Por aí se vê que ele, embora seja um conservador católico, nunca passou as vistas num compêndio de Doutrina Social da Igreja, que usa a expressão "livre mercado" (diz que "é uma instituição socialmente importante pela sua capacidade de garantir resultados eficientes na produção de bens e serviços") ao tempo que exorta do Estado a orientá-lo e dirigi-lo ("o livre mercado pode produzir efeitos benéficos para a coletividade somente em presença de uma organização do Estado que defina e oriente a direção do desenvolvimento econômico"). Alguém precisa avisar ao Vaticano que a Doutrina Social da Igreja usa conceitos falsos e é revolucionária, porque Garschagen diz. Certas coisas do "conservadorismo" egresso do olavismo impressionam; ainda mais no Brasil, um país cuja formação obriga qualquer conservador, independente do credo, a ter algum conhecimento das instituições católicas.
Quanto à segunda parte do mote, "conservador nos costumes", Garschagen também rechaça, porque "como o conservador olha para o passado como um sábio conselheiro, vai defender um determinado costume que é correto e virtuoso assim como rejeitar o costume que é errado e vicioso" (p. 72). Como discernir o tipo de costume? Parece que o tempo ajuda, pois há "posições circunstanciais adotadas no passado, num dado momento histórico, cultural, social específico, mas que são, atualmente, inaceitáveis". Já que conservadorismo é bons modos, é possível concluir que um conservador deve aceitar algo como a membrodiversidade, desde que converse com um Saci Pererê educado. É mais ou menos o ethos do Partido Republicano nos EUA; e se você for além do Partido Republicano, é um extremista mal-educado.
Capítulo 3
Voltando para o Brasil, vamos ao capítulo 3, que trata do conservadorismo no Brasil. Embora alegue não transplantar estrangeirismos para analisar a realidade brasileira, é exatamente isso que ele faz. Garschagen decalca na História do Brasil os mesmos contornos que ele traçara na História da Inglaterra. Cá como lá, ele faz coincidirem conservadorismo com Partido Conservador. Aqui, explica ele, tal partido "era uma das duas grandes forças políticas do país durante o Segundo Império (ou Segundo Reinado, como se convencionou chamar)" (p. 80). A outra grande força era o Partido Liberal, e o Imperador, pelo jeito, não é computado como grande força, fazendo as vezes de (literalmente) Rainha da Inglaterra.

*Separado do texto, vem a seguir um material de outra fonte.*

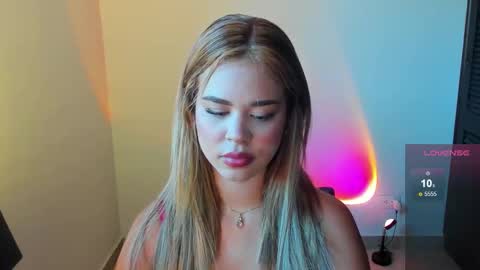 Sophia Smith online show from 30, 10, 2025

Assim, tal como o conservadorismo inglês seria (segundo Garschagen) um fenômeno parlamentarista numa monarquia limitada, o conservadorismo brasileiro idem, limitando-se a sua existência histórica ao Segundo Reinado. Luzias e saquaremas são transpostos para a realidade dos whigs e tories.
O resumo que ele faz do período se baseia quase que exclusivamente na obra Os construtores do Império, do historiador monarquista João Camilo de Oliveira Torres (1915 - 1973). Os monarquistas brasileiros costumam execrar a Proclamação da República como um abominável golpe militar, e Garschagen faz o mesmo. Mas para ele isso é ainda mais pesado, porque acabou o Partido Conservador, que foi a nossa "luminosa constelação política". Depois de 1889, só trevas. Aprendemos que "no Brasil de hoje [...] existe um regime revolucionário anticonservador e impossível de ser reformado", de modo que "o conservador será agente ativo da mudança de regime, optando, preferencialmente, pelo modelo que já vigorou no país no século XIX e fazendo as devidas adaptações", a fim de "criar incentivos positivos para debelar crises [...] sem a demora e o trauma de um processo de impeachment presidencial" (p. 113-114). Ou seja, depois de fazer a Lilia Schwarcz e ficar chorando as pitangas do "autoritarismo brasileiro", temos que virar parlamentaristas para ficar derrubando presidente com facilidade, porque isso é muito conservador e respeitador da autoridade.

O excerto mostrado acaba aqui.